> **Task prompt**:
Within the data that follows, set down exactly the lines from the one containing "Înnoirea iconostasului Bisericii" through the one containing "Reyhan tohumu ile cam kase ve antika kaşık", both ends included.

> **Material supplied**:
::::
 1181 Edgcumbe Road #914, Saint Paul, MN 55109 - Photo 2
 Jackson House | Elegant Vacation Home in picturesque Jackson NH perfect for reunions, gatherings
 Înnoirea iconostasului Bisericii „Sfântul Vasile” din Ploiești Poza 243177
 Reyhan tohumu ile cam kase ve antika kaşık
::::
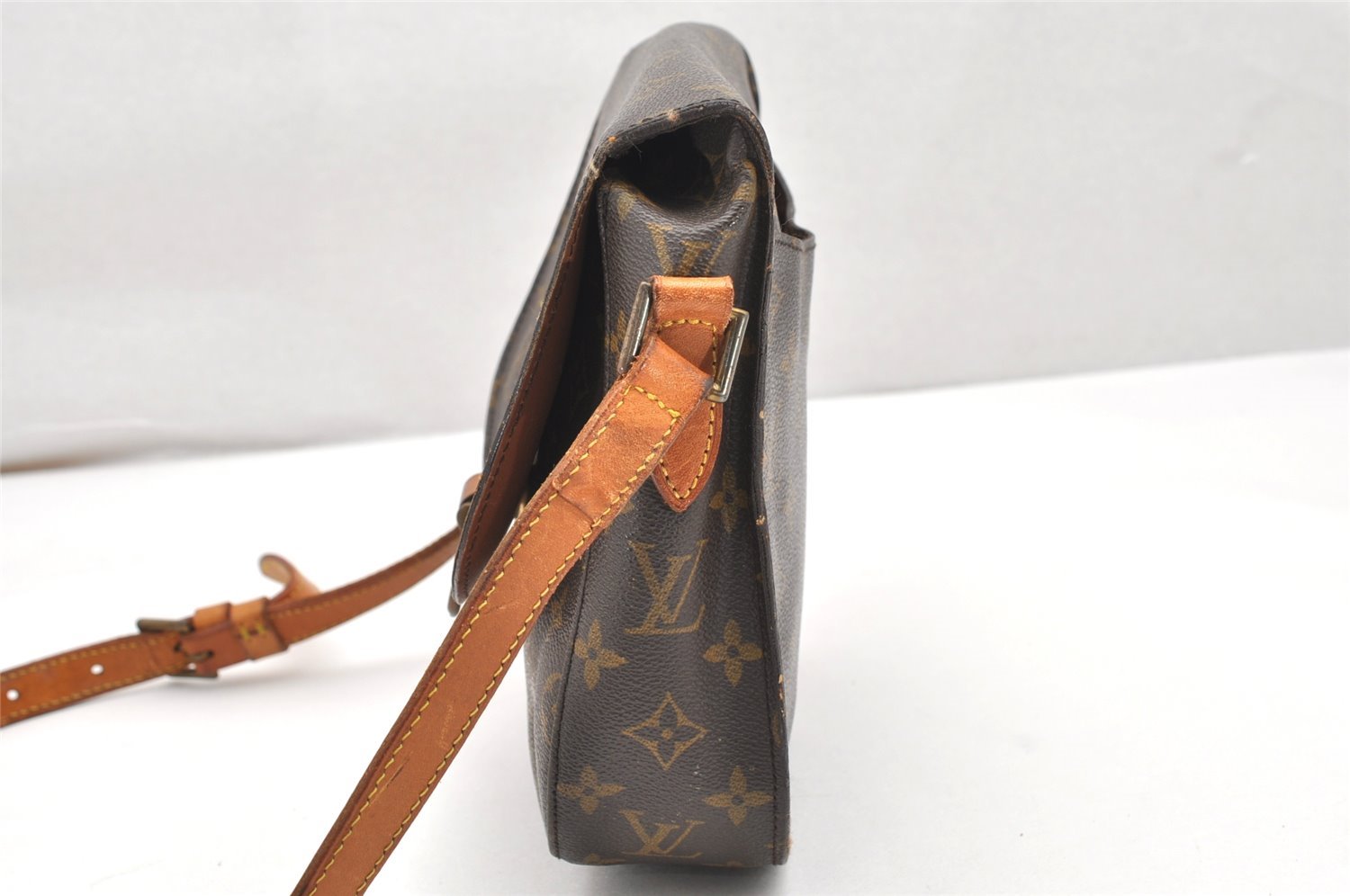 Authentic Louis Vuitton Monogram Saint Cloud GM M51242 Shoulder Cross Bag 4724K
::::
> **Solution for this task**:
 Înnoirea iconostasului Bisericii „Sfântul Vasile” din Ploiești Poza 243177
 Reyhan tohumu ile cam kase ve antika kaşık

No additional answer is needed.